Hey everyone, welcome back to My Weird Prompts. I am Corn, and I am sitting here in our living room in Jerusalem. It is a beautiful February afternoon in twenty twenty-six, and the light is hitting the Old City walls just right. I am here with my brother, the man who probably has more tabs open about server architecture than anyone else on the planet, Herman Poppleberry.
Herman Poppleberry, reporting for duty. It is good to be here, Corn. I have been looking forward to this one because the world of infrastructure is finally having its moment in the absolute center of the spotlight. It used to be that only the deepest nerds cared about what was happening in a windowless building in Northern Virginia or Iowa, but now, it is the lead story on every financial and tech news site.
It really is. You know, for the longest time, the cloud was just this abstract concept for most people.

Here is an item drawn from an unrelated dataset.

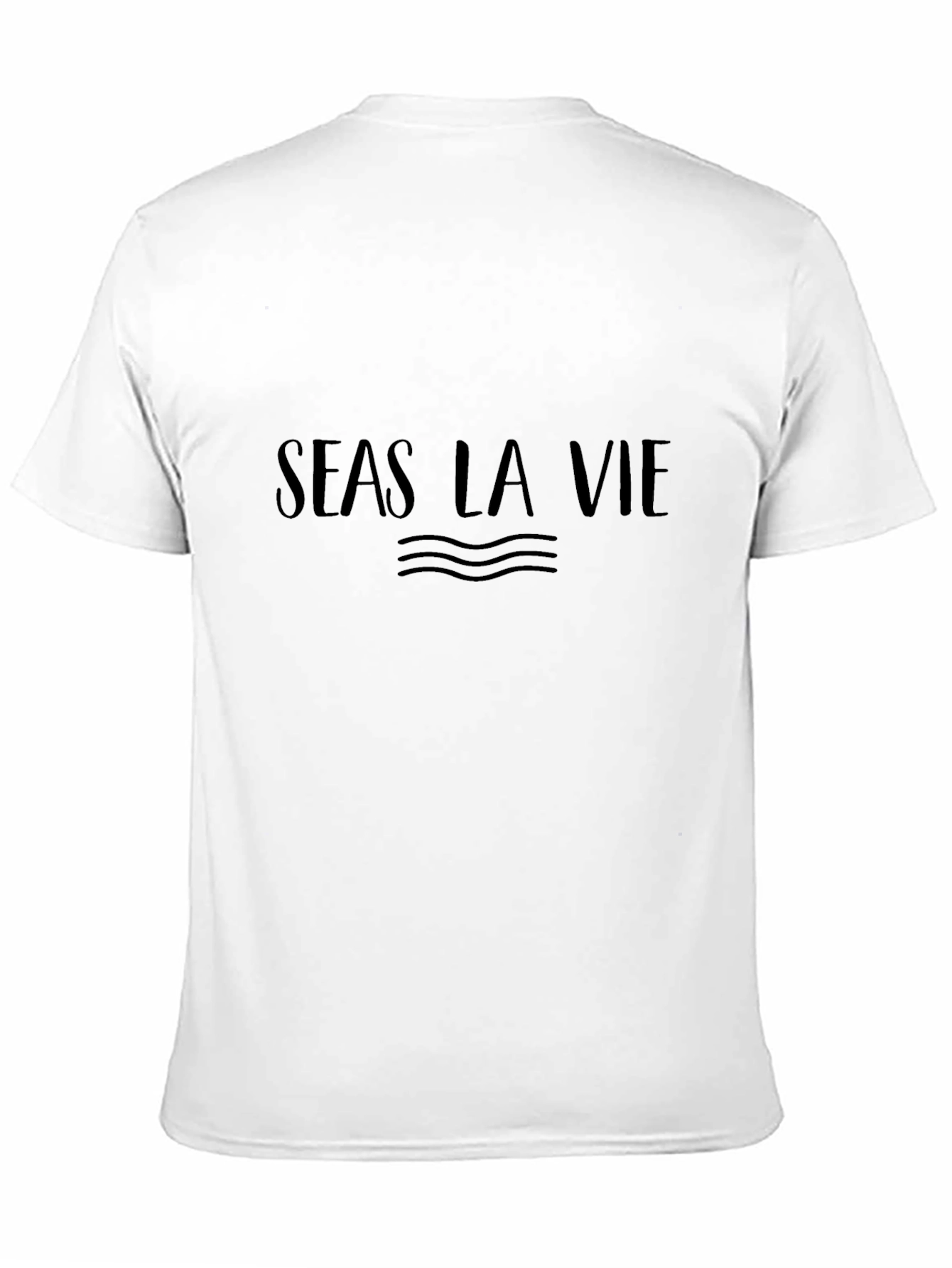 Seas La Vie Black Graphic Tee - Relaxed Fit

It was where your photos lived or where your emails were stored. It was "someone else’s computer," and we didn't really care what that computer looked like. But lately, the physical reality of the cloud is becoming impossible to ignore. It is consuming massive amounts of power, it is changing the real estate market, and it is even restarting nuclear reactors. Today’s prompt from Daniel is about exactly that. He is curious about how data centers have changed in the era of artificial intelligence. Specifically, how the shift from traditional central processing units to massive clusters of graphics processing units has altered the very architecture of the buildings themselves.
It is a fascinating shift, Corn. Daniel mentioned looking at photos of data centers and thinking they look like low-rise cow sheds spread over huge swaths of land. And honestly, he is not wrong. From the outside, a data center is one of the most boring-looking buildings on earth. It is a windowless gray box. But what is happening inside those boxes right now is a radical departure from everything we have built over the last twenty years. We are moving from the era of the "digital library" to the era of the "intelligence factory."

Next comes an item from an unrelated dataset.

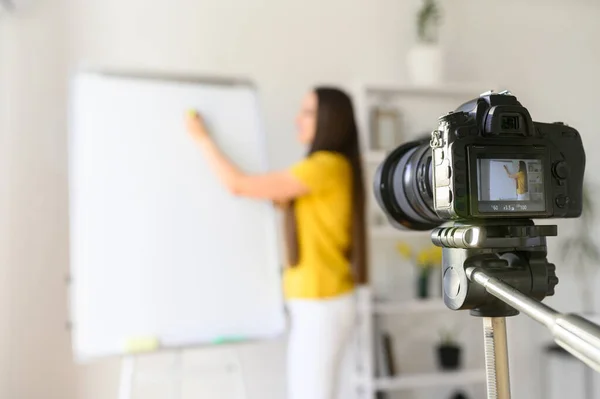 Webinar, online tréning, video tutorials — Stock Fotó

Right, and Daniel’s question about whether new, artificial intelligence-first cloud companies have an advantage over the established giants is a great one. If you are building from scratch for GPUs in twenty twenty-six, are you in a better position than someone trying to retro-fit a facility built in two thousand ten?
The short answer is yes, but the long answer involves a complete rethinking of thermodynamics, electrical engineering, and networking. We should probably start by defining what the traditional data center was actually optimized for. Before the artificial intelligence boom—let's say, pre-twenty twenty-two—the primary goal of a data center was high availability for general-purpose compute. You had rows and rows of server racks, each filled with servers running CPUs. These were great for web hosting, databases, and running your average enterprise software. They were designed for "North-South" traffic—data coming in from the internet, being processed, and going back out to a user.

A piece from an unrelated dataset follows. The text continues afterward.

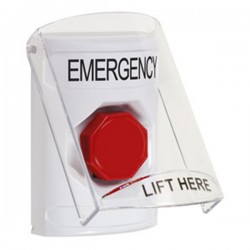 SS2322EM-EN STI White Indoor Only Flush or Surface Key-to-Reset (Illuminated) Stopper Station with EMERGENCY Label English SS2322EM-EN STI White Indoor Only Flush or Surface Key-to-Reset (Illuminated) Stopper Station with EMERGENCY Label English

And those traditional setups were relatively predictable, right? I mean, you knew how much power a CPU-based server would draw, and you knew how much heat it would generate. It was manageable with standard air conditioning.
Exactly. In a traditional data center, a single rack might draw somewhere between five and ten kilowatts of power. You could cool that by just blowing cold air under a raised floor and through the racks. It was like cooling a room with a few high-end gaming PCs. The "hot aisle, cold aisle" configuration was the gold standard. But when you move to artificial intelligence workloads, specifically training large language models or running massive inference clusters, the power density explodes. We aren't talking about a small increase. We are talking about a total transformation. A single modern server rack today, filled with Nvidia Blackwell or the newer Rubin chips that are just starting to hit the floor, can draw one hundred, one hundred twenty, or even one hundred fifty kilowatts.
One hundred fifty kilowatts? Herman, I am trying to visualize that. That is like trying to run the power of an entire neighborhood through a space the size of a refrigerator. How do you even get that much electricity into a single rack without the wires just melting?
You hit the nail on the head. That is the first major architectural change: power delivery. In the old days, you could bring power in at standard voltages and distribute it across the floor. Now, we are seeing data centers bring medium-voltage power directly to the row or even the rack. We are seeing a shift from twelve-volt power delivery on the motherboard to forty-eight-volt or even higher to reduce resistive losses. If you don't do that, the "bus bars"—the big copper rails that carry electricity—would have to be as thick as your arm.
And then there is the heat. If you are pumping one hundred fifty kilowatts of power into a rack, almost all of that is coming out as heat. You can't just use a big fan for that, can you?
No way. Air is actually a terrible conductor of heat compared to liquid. We have reached the physical limit of air cooling. To cool a one hundred-kilowatt rack with air, you would need fans spinning so fast and moving so much volume that the noise would be deafening—like standing behind a jet engine—and the air would be moving at hurricane speeds. It is just not practical. This is why liquid cooling has gone from a niche enthusiast thing for overclocking gamers to an absolute requirement for modern artificial intelligence data centers.
So, what does that look like in practice? Are we talking about pipes running into every server?
Yes, exactly. There are a few main flavors. The "entry-level" for AI is rear-door heat exchangers. You basically replace the back door of the server rack with a giant radiator, like the one in your car, with chilled water running through it. The server fans blow hot air through that radiator, and the water carries the heat away. But for the really high-end stuff—the clusters training the next generation of models—we use direct-to-chip cooling. Cold plates are mounted directly onto the GPUs and the high-bandwidth memory. Liquid circulates through those plates, picks up the heat at the source, and carries it out to a cooling tower or a heat exchanger.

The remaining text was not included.